Responsibilities
- Provide IT support for cloud-based compute and storage environments used to produce protected data products for research and dissemination.
- Administer distributed cloud platforms, including provisioning, configuration, monitoring, and lifecycle management for high-performance workloads.
- Support large data processing environments using frameworks such as Apache Spark and optimization tools.
- Establish and maintain operational parameters for deploying and executing data processing and dissemination workflows.
- Design and optimize cloud storage configurations, including data curation and removal of redundant datasets.
- Implement high performance computing (HPC), storage, and workflow optimizations.
- Deploy and manage monitoring and dashboard solutions to track cluster usage, performance, availability, and cost efficiency.
- Optimize resource utilization by identifying and terminating idle or unused compute resources.
- Manage user access, including account provisioning, role-based access, and deprovisioning.
- Install, configure, and maintain software, operating systems, and platform services, including Linux patching and updates.
- Produce operational and usage reports related to system performance and data storage.
- Provide guidance on cloud cost management, budgeting, and optimization strategies.
- Support agile project execution, including sprint planning, standups, retrospectives, and backlog management.
- Maintain Kanban or sprint boards and track tasks, milestones, and dependencies.
- Coordinate communication across engineering, operations, data science, and stakeholder teams.
- Identify and help resolve technical, operational, and process-related obstacles.
- Provide guidance on agile best practices and continuous improvement.
- Support data governance, data quality, and privacy protection requirements.
- Define and maintain project roles, responsibilities, and reporting structures.
- Develop and manage project schedules, deliverables, risks, and opportunities.
- Document and distribute meeting notes, action items, and decisions.
- Establish data transfer governance, standardized intake, validation, error handling, and repeatable evaluation workflows.
- Develop and maintain production-ready code, tools, and workflows to support data processing, experimentation, and dissemination, including testing and validation of outputs.
- Implement, monitor, and optimize cloud compute and storage environments, leveraging automation, infrastructure-as-code, and performance tuning for distributed processing frameworks.
- Manage source code, system updates, and operational tools, ensuring efficient collaboration, workflow tracking, and reliable execution of production and prototype workloads.
Requirements
- Bachelor’s degree in Computer Science, Information Technology, Engineering, Data Science, or a related field, or equivalent professional experience.
- Experience supporting AWS EMR cloud-based compute and storage environments.
- Hands-on experience with distributed data processing frameworks including Apache Spark.
- Experience administering Linux-based systems.
- Proficiency in scripting or programming languages commonly used for automation and data processing.

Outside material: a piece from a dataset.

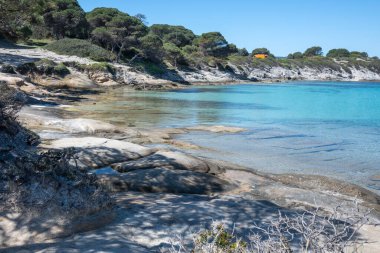 Karydi Sahili yakınlarındaki Sithonia kıyı şeridi, Chalkidiki, Orta Makedonya, Yunanistan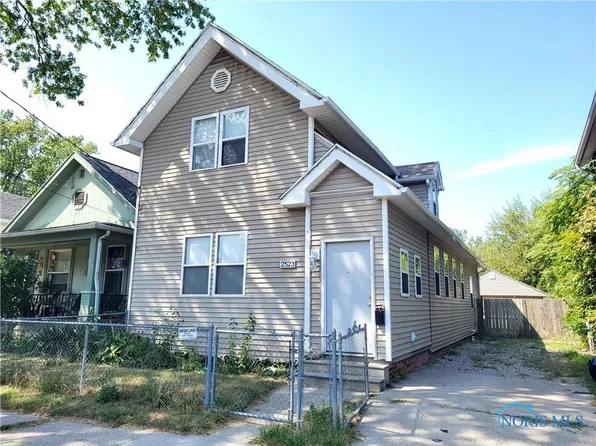 2523 Chase St, Toledo, OH 43611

- Experience with source code management platforms and collaborative development workflows.
- Understanding of cloud cost management and optimization concepts.
- Strong analytical, troubleshooting, and problem-solving skills.
- Ability to communicate technical concepts to both technical and non-technical audiences.
Nice to Have
- AWS Certified Solutions Architect – Associate or Professional.
- AWS Certified DevOps Engineer – Professional.
- AWS Certified Data Analytics – Specialty.
- Google Professional Data Engineer.
- Microsoft Certified: Azure Solutions Architect Expert.
- Certified Kubernetes Administrator (CKA).
- HashiCorp Terraform Associate.
- CompTIA Cloud+.
- CompTIA Security+.
- Certified Information Systems Security Professional (CISSP).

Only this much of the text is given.